(SUPPLIED DATA):
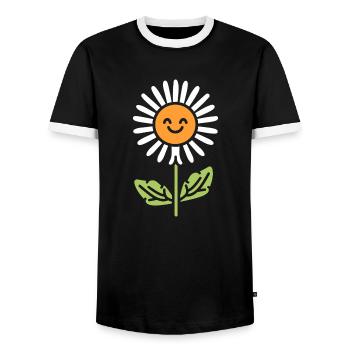 Löwenzahn - Männer Kontrast-T-Shirt - Schwarz/Weiß - Vorne - AI Model Female 172 light (172cm) & AI Model Male 178 light (178cm)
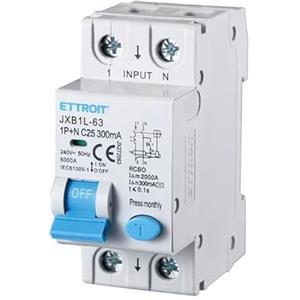 ETTROIT INTERRUTTORI MAGNETOTERMICI DIFFERENZIALI SALVAVITA PER BARRA DIN 2 MODULI 1P+N 240V 300mA 6KA (25A)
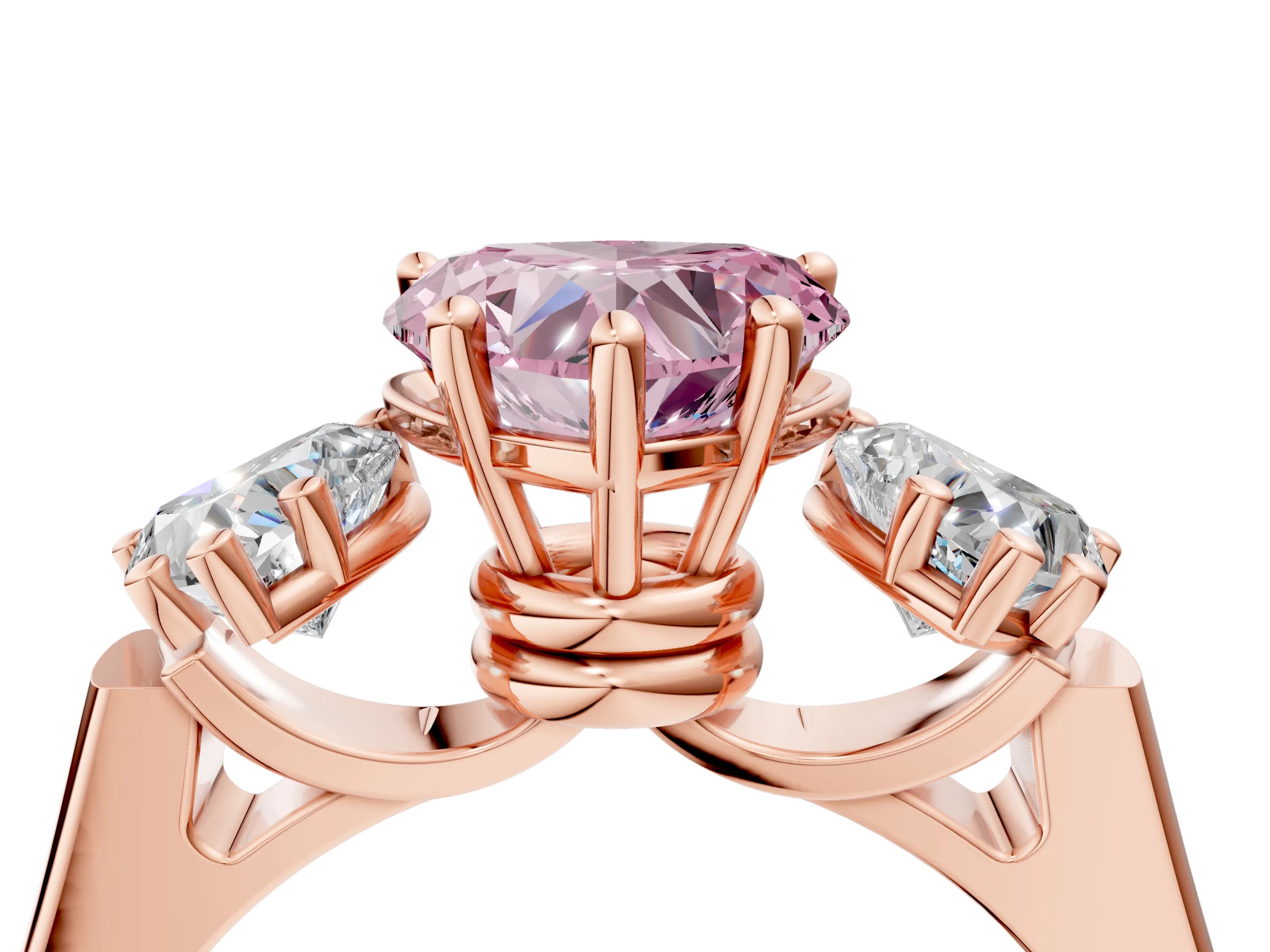 Rose gold Three-Stone Fancy Pink Heart Cut Brilliant Diamond Trellis Ring with Comfort Fit Band_4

(ASSIGNMENT):
Exact output of each line above is wanted, without the pictures.

(ANSWER TO THIS TASK):
 Löwenzahn - Männer Kontrast-T-Shirt - Schwarz/Weiß - Vorne - AI Model Female 172 light (172cm) & AI Model Male 178 light (178cm)
 ETTROIT INTERRUTTORI MAGNETOTERMICI DIFFERENZIALI SALVAVITA PER BARRA DIN 2 MODULI 1P+N 240V 300mA 6KA (25A)
 Rose gold Three-Stone Fancy Pink Heart Cut Brilliant Diamond Trellis Ring with Comfort Fit Band_4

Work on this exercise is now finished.